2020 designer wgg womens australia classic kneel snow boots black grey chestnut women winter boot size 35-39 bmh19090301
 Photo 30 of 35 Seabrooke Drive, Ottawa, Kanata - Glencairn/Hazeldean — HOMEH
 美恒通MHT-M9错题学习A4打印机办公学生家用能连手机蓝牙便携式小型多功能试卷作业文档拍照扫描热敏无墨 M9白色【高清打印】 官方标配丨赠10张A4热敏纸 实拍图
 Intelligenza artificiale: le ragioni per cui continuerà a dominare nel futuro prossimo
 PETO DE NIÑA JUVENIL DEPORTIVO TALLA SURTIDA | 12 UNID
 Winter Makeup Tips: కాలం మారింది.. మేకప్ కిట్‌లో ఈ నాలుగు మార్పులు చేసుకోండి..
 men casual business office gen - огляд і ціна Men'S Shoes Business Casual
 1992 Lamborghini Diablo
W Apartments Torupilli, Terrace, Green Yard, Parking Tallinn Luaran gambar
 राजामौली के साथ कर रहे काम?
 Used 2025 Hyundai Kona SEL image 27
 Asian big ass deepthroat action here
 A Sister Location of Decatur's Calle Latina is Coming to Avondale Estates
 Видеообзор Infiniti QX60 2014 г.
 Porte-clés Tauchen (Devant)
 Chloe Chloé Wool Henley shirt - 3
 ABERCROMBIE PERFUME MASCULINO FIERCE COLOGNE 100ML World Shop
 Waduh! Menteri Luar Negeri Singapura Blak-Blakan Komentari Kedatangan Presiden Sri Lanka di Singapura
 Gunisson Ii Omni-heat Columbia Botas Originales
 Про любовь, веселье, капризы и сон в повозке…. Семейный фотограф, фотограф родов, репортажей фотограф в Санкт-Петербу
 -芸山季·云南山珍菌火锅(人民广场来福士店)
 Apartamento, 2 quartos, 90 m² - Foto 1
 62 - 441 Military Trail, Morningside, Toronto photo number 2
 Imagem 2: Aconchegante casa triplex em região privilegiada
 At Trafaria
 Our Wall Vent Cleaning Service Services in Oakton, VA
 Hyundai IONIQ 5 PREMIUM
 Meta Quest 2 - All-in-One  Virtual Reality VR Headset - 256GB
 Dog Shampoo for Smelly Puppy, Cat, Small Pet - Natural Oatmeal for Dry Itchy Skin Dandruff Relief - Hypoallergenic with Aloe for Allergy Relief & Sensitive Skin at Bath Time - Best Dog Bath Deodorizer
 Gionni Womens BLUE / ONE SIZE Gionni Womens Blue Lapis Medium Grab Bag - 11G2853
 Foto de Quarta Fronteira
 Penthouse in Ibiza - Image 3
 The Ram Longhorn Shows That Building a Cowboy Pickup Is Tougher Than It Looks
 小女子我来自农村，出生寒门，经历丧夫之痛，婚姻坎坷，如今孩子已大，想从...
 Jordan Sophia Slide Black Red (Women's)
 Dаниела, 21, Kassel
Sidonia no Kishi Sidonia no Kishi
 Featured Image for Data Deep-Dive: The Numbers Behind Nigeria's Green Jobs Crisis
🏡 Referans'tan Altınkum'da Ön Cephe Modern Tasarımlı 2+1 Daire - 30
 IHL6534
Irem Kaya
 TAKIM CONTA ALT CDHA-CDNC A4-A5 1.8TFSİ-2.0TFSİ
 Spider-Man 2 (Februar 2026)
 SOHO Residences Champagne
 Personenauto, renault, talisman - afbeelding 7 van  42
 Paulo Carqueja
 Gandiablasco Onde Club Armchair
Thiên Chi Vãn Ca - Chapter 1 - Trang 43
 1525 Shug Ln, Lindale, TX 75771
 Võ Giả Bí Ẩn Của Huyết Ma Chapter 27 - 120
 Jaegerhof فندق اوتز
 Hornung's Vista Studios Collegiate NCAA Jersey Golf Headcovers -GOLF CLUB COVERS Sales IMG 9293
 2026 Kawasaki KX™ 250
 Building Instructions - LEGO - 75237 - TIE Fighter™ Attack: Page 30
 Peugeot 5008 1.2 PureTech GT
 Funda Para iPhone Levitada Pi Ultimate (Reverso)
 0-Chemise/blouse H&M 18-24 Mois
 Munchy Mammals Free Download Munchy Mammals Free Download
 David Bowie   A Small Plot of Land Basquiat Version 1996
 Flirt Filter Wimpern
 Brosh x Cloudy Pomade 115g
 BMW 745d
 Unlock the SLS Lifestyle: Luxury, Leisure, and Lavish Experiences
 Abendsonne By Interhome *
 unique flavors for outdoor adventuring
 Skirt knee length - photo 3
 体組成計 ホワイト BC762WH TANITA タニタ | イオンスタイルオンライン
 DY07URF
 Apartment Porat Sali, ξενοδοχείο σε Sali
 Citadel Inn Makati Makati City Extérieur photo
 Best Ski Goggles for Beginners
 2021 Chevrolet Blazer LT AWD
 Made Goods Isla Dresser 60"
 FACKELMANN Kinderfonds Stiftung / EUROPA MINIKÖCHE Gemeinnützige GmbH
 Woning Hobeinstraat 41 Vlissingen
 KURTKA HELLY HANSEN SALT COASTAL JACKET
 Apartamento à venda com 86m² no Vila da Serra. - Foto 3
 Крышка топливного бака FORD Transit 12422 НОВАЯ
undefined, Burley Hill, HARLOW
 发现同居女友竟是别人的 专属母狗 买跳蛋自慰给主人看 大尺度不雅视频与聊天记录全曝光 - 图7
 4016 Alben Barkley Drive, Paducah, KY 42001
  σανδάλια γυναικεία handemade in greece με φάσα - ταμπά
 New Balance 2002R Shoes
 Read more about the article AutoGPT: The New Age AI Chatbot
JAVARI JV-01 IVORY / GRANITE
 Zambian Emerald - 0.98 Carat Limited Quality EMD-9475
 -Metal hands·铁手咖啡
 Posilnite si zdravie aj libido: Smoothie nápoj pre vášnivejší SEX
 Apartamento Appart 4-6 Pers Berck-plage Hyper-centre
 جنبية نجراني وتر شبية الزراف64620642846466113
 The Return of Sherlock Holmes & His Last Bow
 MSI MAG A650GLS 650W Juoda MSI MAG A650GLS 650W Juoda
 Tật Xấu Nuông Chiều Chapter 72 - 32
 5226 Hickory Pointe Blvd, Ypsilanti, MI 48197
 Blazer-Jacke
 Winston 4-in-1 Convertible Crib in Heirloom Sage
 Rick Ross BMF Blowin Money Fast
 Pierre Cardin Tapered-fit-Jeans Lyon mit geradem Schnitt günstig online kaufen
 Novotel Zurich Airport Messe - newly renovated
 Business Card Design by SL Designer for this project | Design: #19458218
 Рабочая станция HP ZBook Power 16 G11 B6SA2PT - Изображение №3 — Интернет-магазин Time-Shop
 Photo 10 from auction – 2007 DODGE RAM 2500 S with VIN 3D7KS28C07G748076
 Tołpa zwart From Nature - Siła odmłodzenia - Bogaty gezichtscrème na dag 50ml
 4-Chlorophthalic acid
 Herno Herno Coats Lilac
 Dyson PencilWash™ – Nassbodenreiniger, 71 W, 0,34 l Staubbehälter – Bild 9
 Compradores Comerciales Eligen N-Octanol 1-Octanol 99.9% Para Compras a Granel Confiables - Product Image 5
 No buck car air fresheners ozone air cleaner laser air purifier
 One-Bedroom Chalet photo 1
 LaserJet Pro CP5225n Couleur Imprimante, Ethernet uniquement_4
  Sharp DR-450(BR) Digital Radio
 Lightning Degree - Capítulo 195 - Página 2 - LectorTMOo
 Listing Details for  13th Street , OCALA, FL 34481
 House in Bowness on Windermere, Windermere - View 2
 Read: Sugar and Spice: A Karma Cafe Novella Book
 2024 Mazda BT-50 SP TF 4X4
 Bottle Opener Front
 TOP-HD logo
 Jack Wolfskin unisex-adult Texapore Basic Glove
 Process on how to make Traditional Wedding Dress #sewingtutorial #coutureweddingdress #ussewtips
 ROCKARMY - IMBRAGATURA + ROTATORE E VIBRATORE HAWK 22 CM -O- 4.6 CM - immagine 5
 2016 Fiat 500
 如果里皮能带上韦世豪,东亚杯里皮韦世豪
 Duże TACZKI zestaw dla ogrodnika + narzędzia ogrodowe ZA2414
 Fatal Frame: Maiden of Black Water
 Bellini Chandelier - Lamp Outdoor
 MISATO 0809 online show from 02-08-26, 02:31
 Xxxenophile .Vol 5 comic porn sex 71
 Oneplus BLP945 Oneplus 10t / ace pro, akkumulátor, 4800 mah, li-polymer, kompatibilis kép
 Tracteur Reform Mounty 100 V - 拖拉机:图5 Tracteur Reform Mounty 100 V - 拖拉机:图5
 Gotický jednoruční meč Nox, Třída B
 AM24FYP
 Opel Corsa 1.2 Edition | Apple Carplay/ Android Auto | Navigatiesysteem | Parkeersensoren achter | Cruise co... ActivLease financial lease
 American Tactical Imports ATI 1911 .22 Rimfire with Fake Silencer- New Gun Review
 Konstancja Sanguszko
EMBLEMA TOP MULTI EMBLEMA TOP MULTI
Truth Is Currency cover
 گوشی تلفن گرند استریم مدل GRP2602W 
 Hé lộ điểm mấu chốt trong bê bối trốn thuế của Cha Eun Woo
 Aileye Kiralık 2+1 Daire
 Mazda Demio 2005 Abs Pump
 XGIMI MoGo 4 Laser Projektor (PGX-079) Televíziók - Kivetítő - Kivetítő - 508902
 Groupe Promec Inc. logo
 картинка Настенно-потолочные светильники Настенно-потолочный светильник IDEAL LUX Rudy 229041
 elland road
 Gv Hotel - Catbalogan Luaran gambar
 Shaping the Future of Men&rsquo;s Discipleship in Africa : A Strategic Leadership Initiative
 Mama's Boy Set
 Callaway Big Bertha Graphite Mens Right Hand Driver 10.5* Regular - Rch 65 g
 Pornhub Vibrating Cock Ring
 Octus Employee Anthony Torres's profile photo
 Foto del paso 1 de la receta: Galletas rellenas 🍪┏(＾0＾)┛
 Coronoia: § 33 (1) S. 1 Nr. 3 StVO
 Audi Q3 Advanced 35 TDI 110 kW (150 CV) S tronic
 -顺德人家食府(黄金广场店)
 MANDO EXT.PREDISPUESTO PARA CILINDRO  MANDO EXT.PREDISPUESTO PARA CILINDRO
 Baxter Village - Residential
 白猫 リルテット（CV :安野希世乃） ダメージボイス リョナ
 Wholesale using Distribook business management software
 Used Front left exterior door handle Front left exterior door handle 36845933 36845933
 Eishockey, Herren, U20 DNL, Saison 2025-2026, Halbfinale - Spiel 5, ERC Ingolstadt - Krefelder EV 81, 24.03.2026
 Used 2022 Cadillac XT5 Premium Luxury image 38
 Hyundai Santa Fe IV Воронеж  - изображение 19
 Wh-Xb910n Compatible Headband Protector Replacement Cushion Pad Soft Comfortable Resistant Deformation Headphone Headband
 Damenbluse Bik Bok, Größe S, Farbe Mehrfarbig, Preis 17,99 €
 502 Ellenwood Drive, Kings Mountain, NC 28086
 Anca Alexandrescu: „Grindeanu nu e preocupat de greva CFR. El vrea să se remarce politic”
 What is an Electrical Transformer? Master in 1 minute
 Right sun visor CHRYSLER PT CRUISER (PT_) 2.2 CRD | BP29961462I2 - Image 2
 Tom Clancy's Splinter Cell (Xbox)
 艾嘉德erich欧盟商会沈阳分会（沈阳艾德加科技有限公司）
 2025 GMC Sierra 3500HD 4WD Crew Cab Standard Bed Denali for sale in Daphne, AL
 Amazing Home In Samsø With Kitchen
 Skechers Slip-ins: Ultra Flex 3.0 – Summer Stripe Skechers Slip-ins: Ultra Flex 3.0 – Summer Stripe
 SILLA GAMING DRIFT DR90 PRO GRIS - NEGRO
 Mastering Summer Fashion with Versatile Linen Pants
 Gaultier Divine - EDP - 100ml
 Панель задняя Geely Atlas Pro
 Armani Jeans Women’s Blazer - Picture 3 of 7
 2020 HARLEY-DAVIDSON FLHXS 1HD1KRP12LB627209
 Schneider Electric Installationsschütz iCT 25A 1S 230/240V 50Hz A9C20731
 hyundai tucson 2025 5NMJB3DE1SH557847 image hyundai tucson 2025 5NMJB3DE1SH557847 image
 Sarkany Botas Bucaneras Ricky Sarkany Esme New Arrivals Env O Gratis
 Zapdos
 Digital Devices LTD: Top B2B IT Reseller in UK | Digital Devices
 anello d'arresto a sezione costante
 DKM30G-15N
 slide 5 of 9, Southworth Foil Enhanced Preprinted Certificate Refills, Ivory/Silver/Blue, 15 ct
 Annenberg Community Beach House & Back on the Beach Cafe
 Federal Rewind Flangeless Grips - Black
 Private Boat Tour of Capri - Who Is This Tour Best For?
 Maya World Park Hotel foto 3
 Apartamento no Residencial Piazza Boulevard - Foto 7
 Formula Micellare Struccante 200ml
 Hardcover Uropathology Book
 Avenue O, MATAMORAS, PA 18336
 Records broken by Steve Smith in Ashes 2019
..............................
▸ **WHAT IS REQUIRED**:
Whenever a line in the entries above includes the word "Blazer", pull that line out.

▸ **RESULT FOR THIS EXERCISE**:
 2021 Chevrolet Blazer LT AWD
 Blazer-Jacke
 Armani Jeans Women’s Blazer - Picture 3 of 7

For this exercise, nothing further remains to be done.